Another key assumption built into their model is that the government is interested only in the well-being of its current citizens and has no regard for the well-being of potential immigrants.
“It’s a cold-hearted, uncaring assumption that does not reflect how we feel,” Rebelo admits. “But we think that this assumption is likely to describe how decisions about immigration policy are made in the real world. Politicians represent the interests of people who already live in the country and vote in elections, not the interests of foreigners who could potentially immigrate.”
How Does Immigration Affect a Country’s Economy?
The researchers first consider a scenario where the government can perfectly distinguish between low- and high-skilled workers, and between immigrants and citizens. In addition, the government can charge different “lump-sum” taxes to different groups.
In this simple scenario, the researchers find, an open-border immigration policy maximizes the well-being of the average citizen. The government would simply charge immigrants a lump-sum tax to offset the added cost of the public goods they consume. In essence, the government keeps its redistribution and immigration policies separate: it sets up the welfare state to redistribute income among its citizens, while charging all immigrants an “admission fee” to pay for the additional public goods they use.
However, this simple policy is difficult to implement in practice. Not only would a government need to collect accurate information about worker skills, but it would also need to levy lump-sum taxes that do not depend on income or consumption. “These taxes are unpopular from a political standpoint,” Rebelo says. “Margaret Thatcher famously lost her last election in part because she proposed introducing a lump-sum tax.”

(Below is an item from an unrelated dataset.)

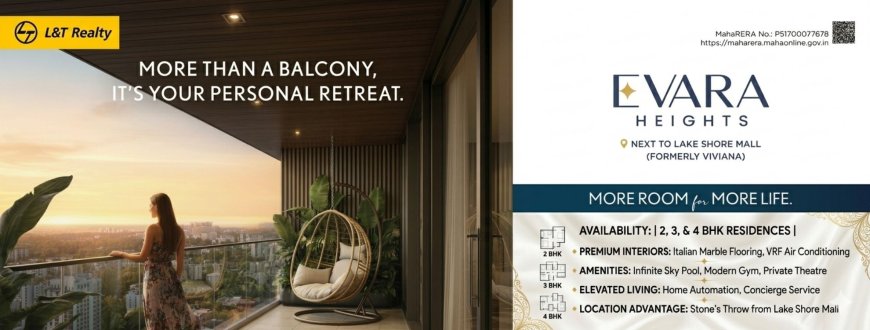 Evara Heights Thane West | Luxury 2, 3 & 4 BHK Flats by L&T Realty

What’s more, real-world governments cannot perfectly distinguish high- and low-skilled workers. So any attempt to levy taxes based on skill levels would likely encourage high-skilled workers to pretend that their skill is low to reduce the tax they owe. “You are giving high-skill people the incentive to say, ‘Well, I may look like an engineer but I’m really just in charge of cleaning the equipment,” says Rebelo.
When the government can levy different taxes, the researchers find, the optimal policy is still to have open borders.

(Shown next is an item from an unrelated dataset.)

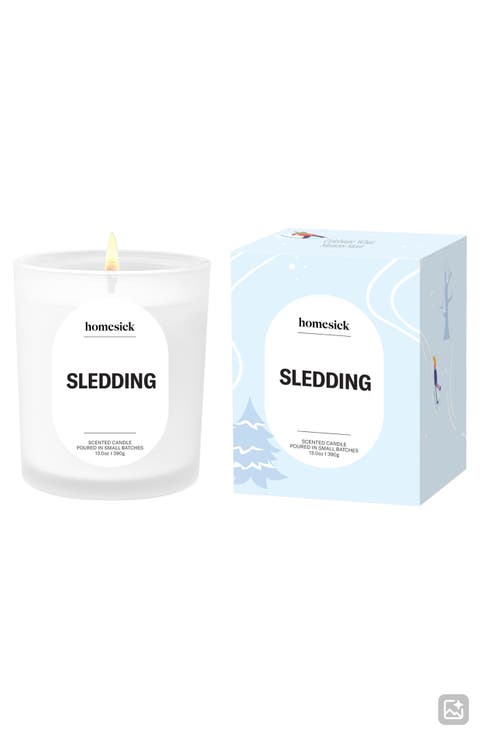 Sledding Candle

A more realistic scenario is one in which the government cannot perfectly distinguish between the skill levels of citizens and levies the same income tax schedule on all citizens. Under this scenario, the ideal immigration policy depends on whether or not the government can use different income tax codes for citizens and immigrants.

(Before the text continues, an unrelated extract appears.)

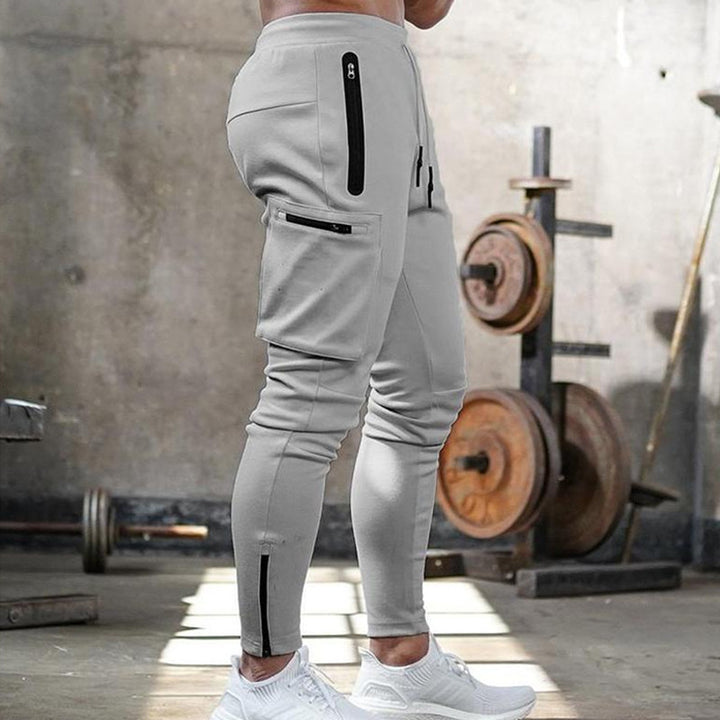 Men's sporty fitness jogging pants with practical pockets Lisslune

If they can levy different taxes, the researchers find, the optimal policy is still to have open borders.
The logic: immigrants would again pay an “admission fee” to compensate for the cost of the public goods they use. But increasing the supply of workers in an economy reduces wages—specifically, when low-skilled immigrants enter the country, they drive down wages for low-skilled citizens, leading to greater inequality. To account for this effect, the “admission fee” is lower for high-skilled immigrants than for low-skilled immigrants. This policy therefore encourages more high-skilled immigration, which will lower the wage gap between high- and low-skilled workers, and reduce income inequality.
On the other hand, if the tax code is the same for citizens and immigrants, the government can no longer deter low-skilled immigrants through a tax. Instead, the optimal immigration policy is now to ban low-skilled immigration while opening the borders to high-skilled workers. In this scenario, the influx of high-skilled workers boosts production while reducing income inequality between citizens.
Making Sense of Real Immigration Policy
The researchers’ models rely on several simplifying assumptions. Still, Rebelo says, these simple models provide a window into the logic that drives real-world immigration policies.
For example, the final scenario hews closely to how Scandinavian countries operate. “Those countries are well-known for having generous income-redistribution systems,” Rebelo says. “They welcome high-skill immigration. But at the same time, they generally ban the immigration of low-skill workers who would obviously benefit from the generous welfare state.”
Of course, optimizing citizens’ economic well-being is just one way of thinking about immigration policy. But Rebelo and colleagues argue that real governments do tend to prioritize their constituents’ economic prosperity over that of others.
“We think that our assumptions are a better description of reality than assuming that, for example, politicians in Sweden are maximizing the welfare of citizens elsewhere in the world,” Rebelo says. “We think that’s unlikely to be the case.”